*** Opening DATASET RECORDS ***

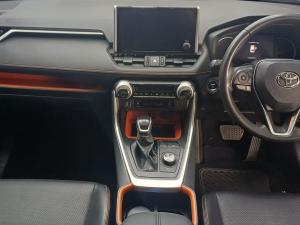 Toyota RAV4 2.5 Hybrid GX-R E-Four - Image 14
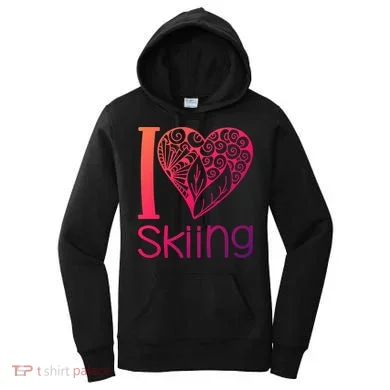Women's Hoodie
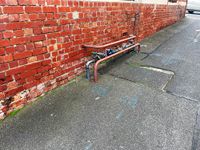 Brick Bar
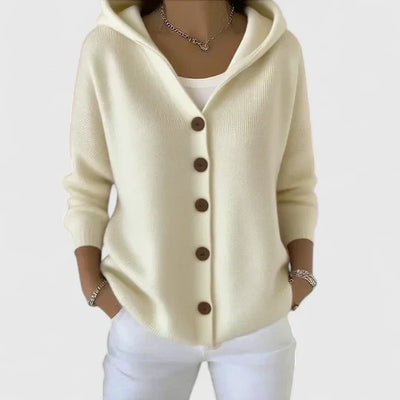 Katy | Elegant Cardigan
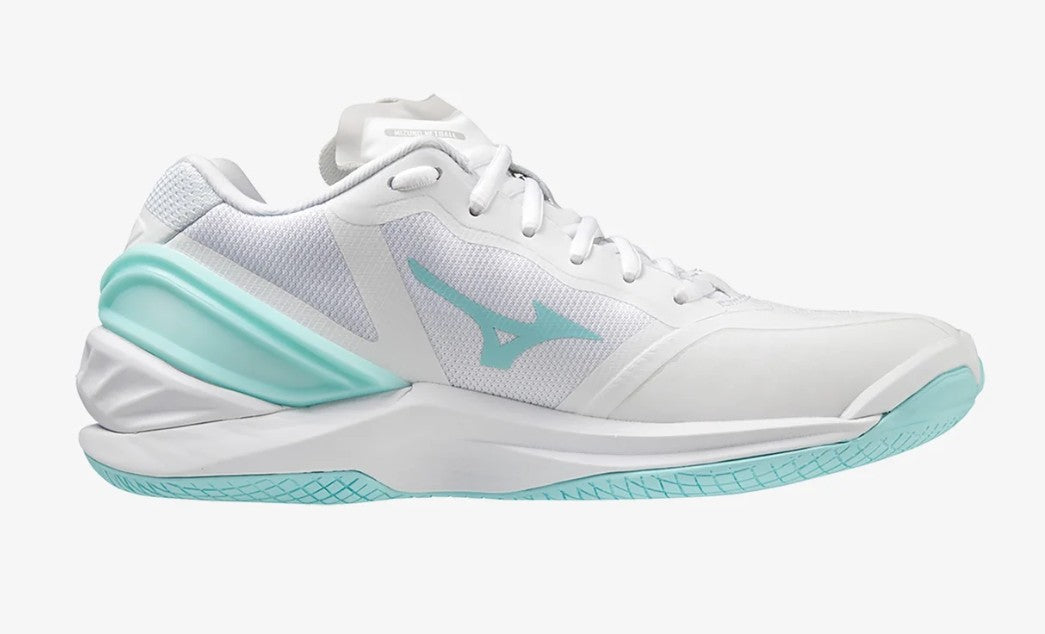MIZUNO WAVE STEALTH NEO NETBALL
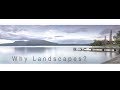 Landscape Photography l  Why do we do it?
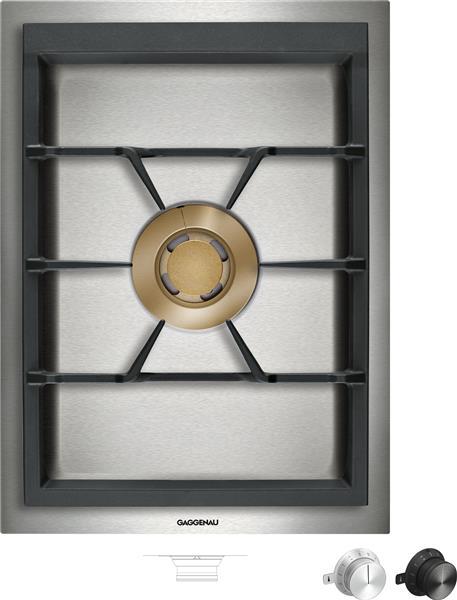 Gaggenau Modul Kochfeld VG415115 Serie 400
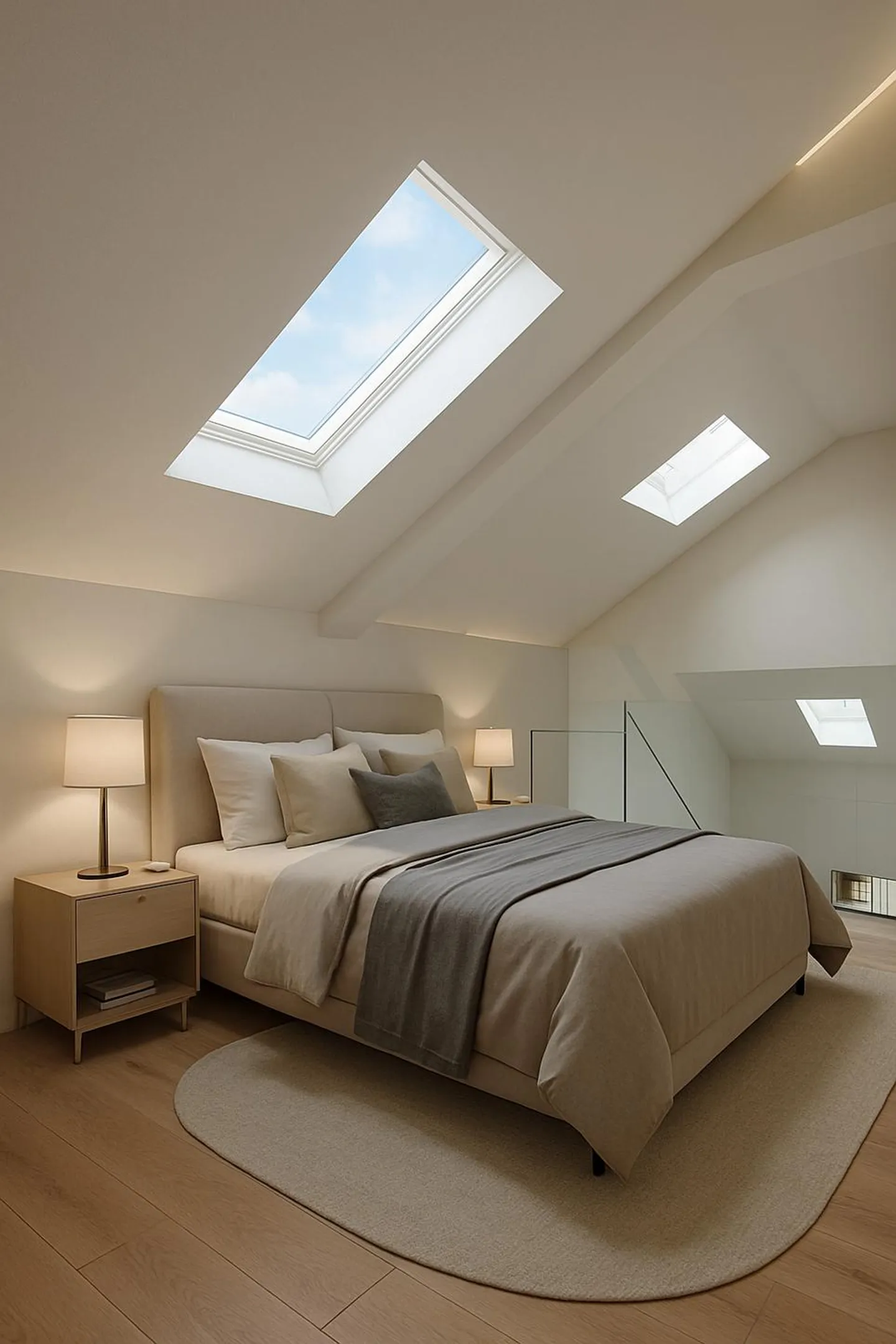 Schönes Dorfhaus mit 3-Zimmer-Wohnung - Foto 11 von 12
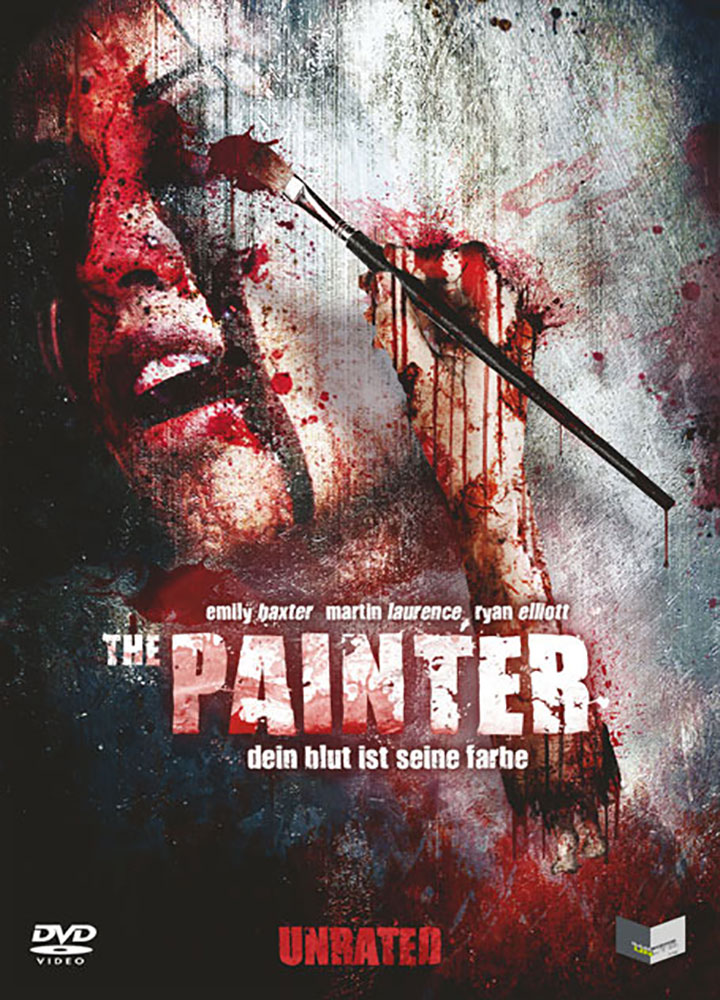 PAINTER, THE - Uncut
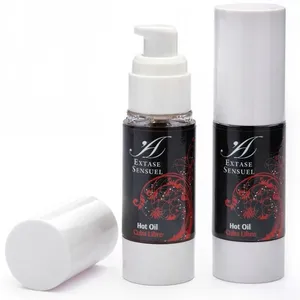 Extase Sensual - Wärmestimulierendes Massageöl 30 ml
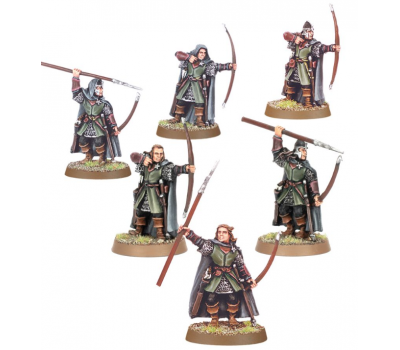 Rangers of the North Rangers of the North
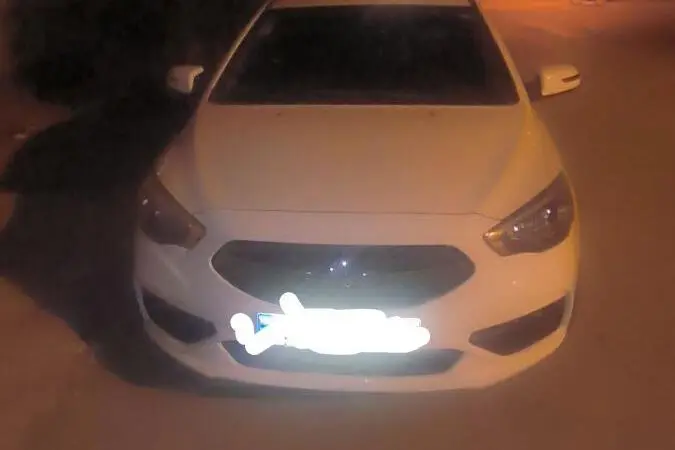 شاهین،  G دنده ای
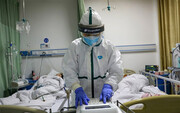 طرح پرستار در منزل برای بیماران کرونایی مشهد در حال اجراست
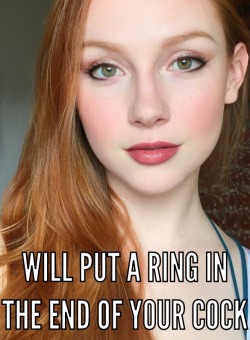 simmer-until:  oh-round-one:  I don’t have any piercings, was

*** Closing DATASET RECORDS ***

WHAT YOU SHOULD DO:
Return the listing verbatim; pictures are not part of the copy.

ANSWER FOR THIS EXERCISE:
 Toyota RAV4 2.5 Hybrid GX-R E-Four - Image 14
Women's Hoodie
 Brick Bar
 Katy | Elegant Cardigan
MIZUNO WAVE STEALTH NEO NETBALL
 Landscape Photography l  Why do we do it?
 Gaggenau Modul Kochfeld VG415115 Serie 400
 Schönes Dorfhaus mit 3-Zimmer-Wohnung - Foto 11 von 12
 PAINTER, THE - Uncut
 Extase Sensual - Wärmestimulierendes Massageöl 30 ml
 Rangers of the North Rangers of the North
 شاهین،  G دنده ای
 طرح پرستار در منزل برای بیماران کرونایی مشهد در حال اجراست
 simmer-until:  oh-round-one:  I don’t have any piercings, was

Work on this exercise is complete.